Мама набрасывала на плечи своё чёрное расшитое стеклярусом пальто на вате, водружала на голову шляпку, украшенную матерчатой веточкой сирени, и действительно направляла свои стопы – неповторимые, делающие па, как в танце: носок наружу, пятка едва касается земли – к священнику Мийо, жившему в сотне метров от нас.
До нас доносился печальный звон колокольчика, и воображение тут же рисовало мне картину драматического, перемежаемого угрозами и выпадами выяснения отношений между мамой и настоятелем нашего прихода… Стоило хлопнуть входной двери, моё сердце мучительно сжималось. На пороге появлялась сияющая мама, отец опускал газету, закрывавшую до того его небритое, заросшее, как лесной пейзаж, лицо.
– Ну что?
– Всё в порядке! Он у меня в руках!
– Священник?
– Да нет же! Черенок розовой герани, который он так ревниво охранял, ну знаешь, той, у которой два лепестка тёмно-красные, а три – розовые? Вот он! Скорее посадить его в горшок…

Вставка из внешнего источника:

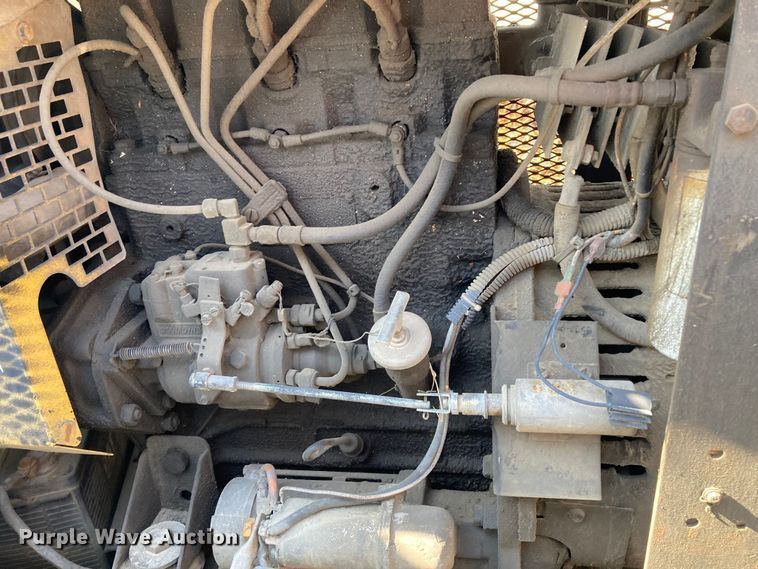 image for item HN9825 2000 Freightliner FL70  utility / service truck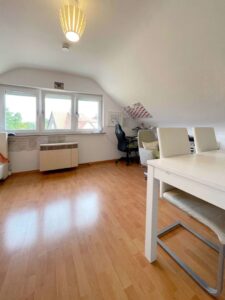 Wohnzimmer DG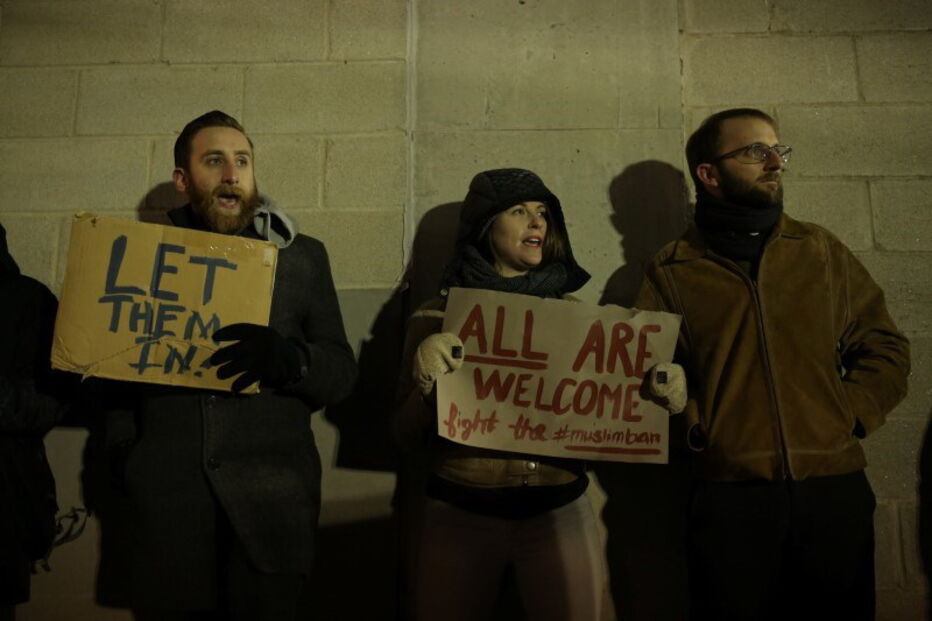 Imagens dos protestos no aeroporto JFK, em Nova Iorque, correram o planeta	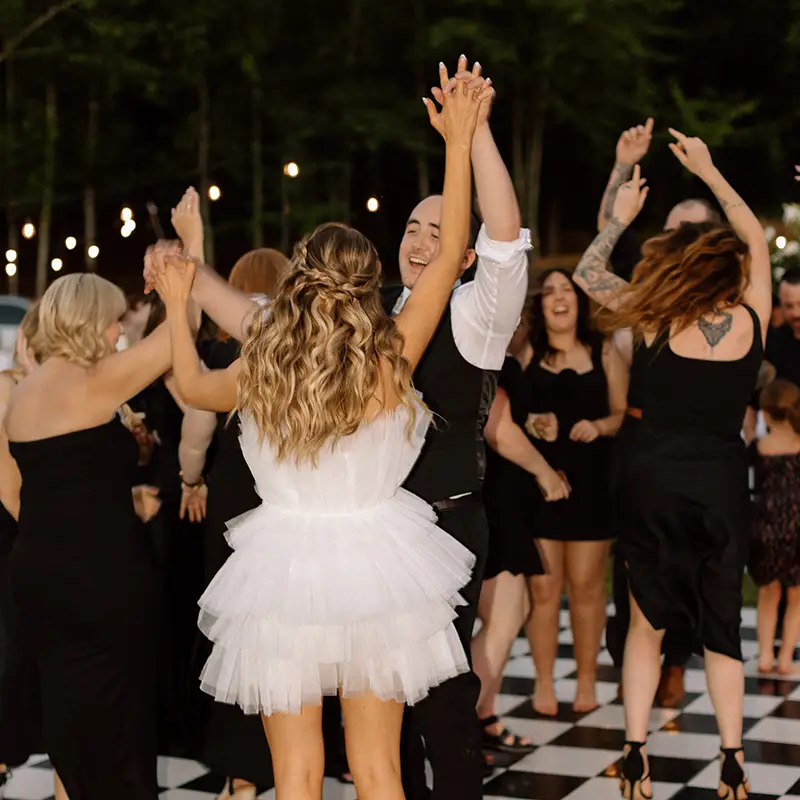 Wedding Receptions, Dining & Dancing at Alder Grove in Castle Rock, WA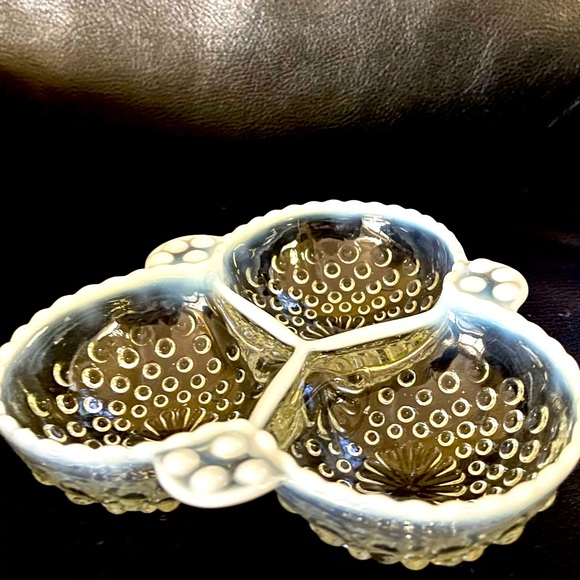 ππΎπππΆββ― Anchor Hocking opalescent hobnail clover dish - Picture 1 of 3
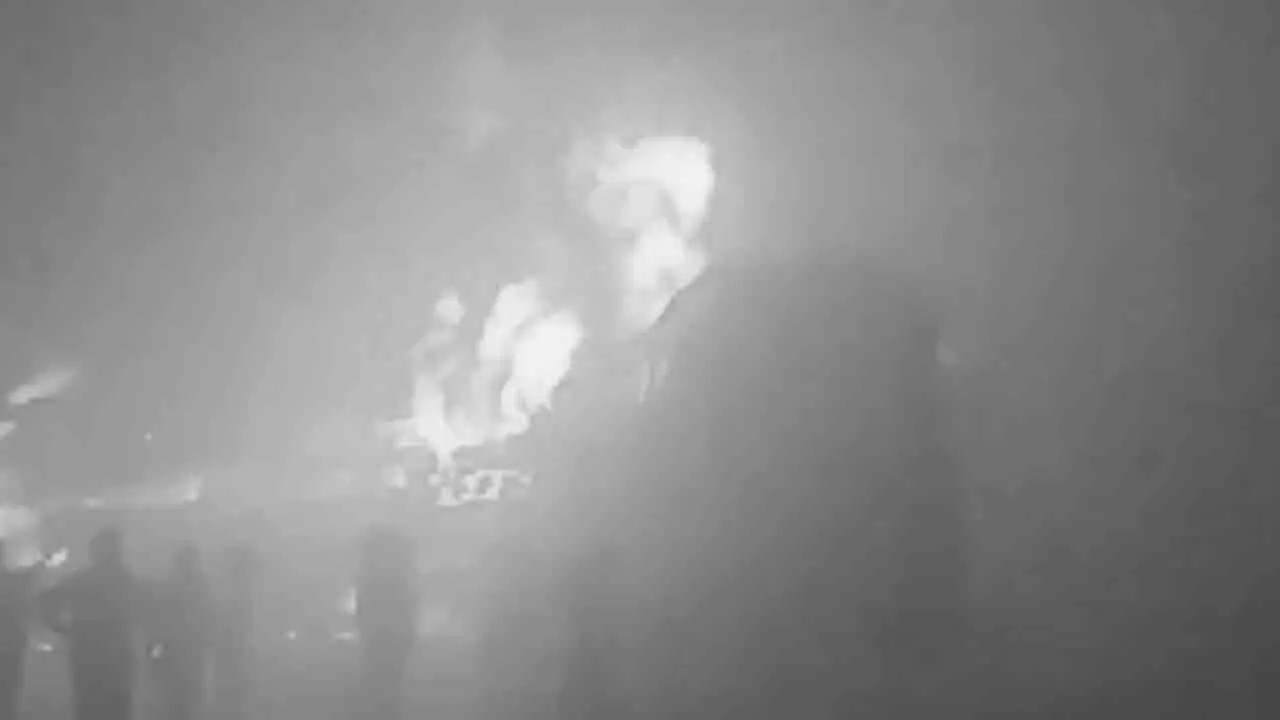  Buses collide one after another, causing a terrible fire in delhi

– Ну что, намылила ему голову по поводу Малышки?
Мама живо оборачивалась на пороге террасы, её очаровательное раскрасневшееся лицо выражало удивление:
– Ах нет, ну что за мысль! У тебя никакого такта! Человек, который не только поделился со мной черенком розовой герани, но и обещал испанскую жимолость, с маленькими листочками в белую точечку, ту, чей запах долетает досюда, когда дует западный ветер…
Самой мамы было уже не видно, но её голос – сопрано со множеством оттенков, всегда эмоционально окрашенный, лёгкий – ещё долетал до нас, как голос невидимой птички, предсказывающей погоду, доносившей до нас и разносившей по округе новости о растениях, черенках, дожде, распустившихся цветах.
Мама редко пропускала воскресную обедню. Зимой она прихватывала с собой в церковь ножную грелку, летом – зонтик, и независимо от времени года – толстый чёрный молитвенник и пса Домино: сначала это была дворняга – помесь шпица с фокстерьером, – затем жёлтый спаниель.
Престарелый священник Мийо, почти порабощённый маминым голосом, её властной добротой и скандальной искренностью, тем не менее указал ей на то, что храм – не место для собак.
Она нахохлилась, как боевой петух.
– Выставить моего пса за дверь церкви! Вы боитесь, что он здесь научится чему-то дурному?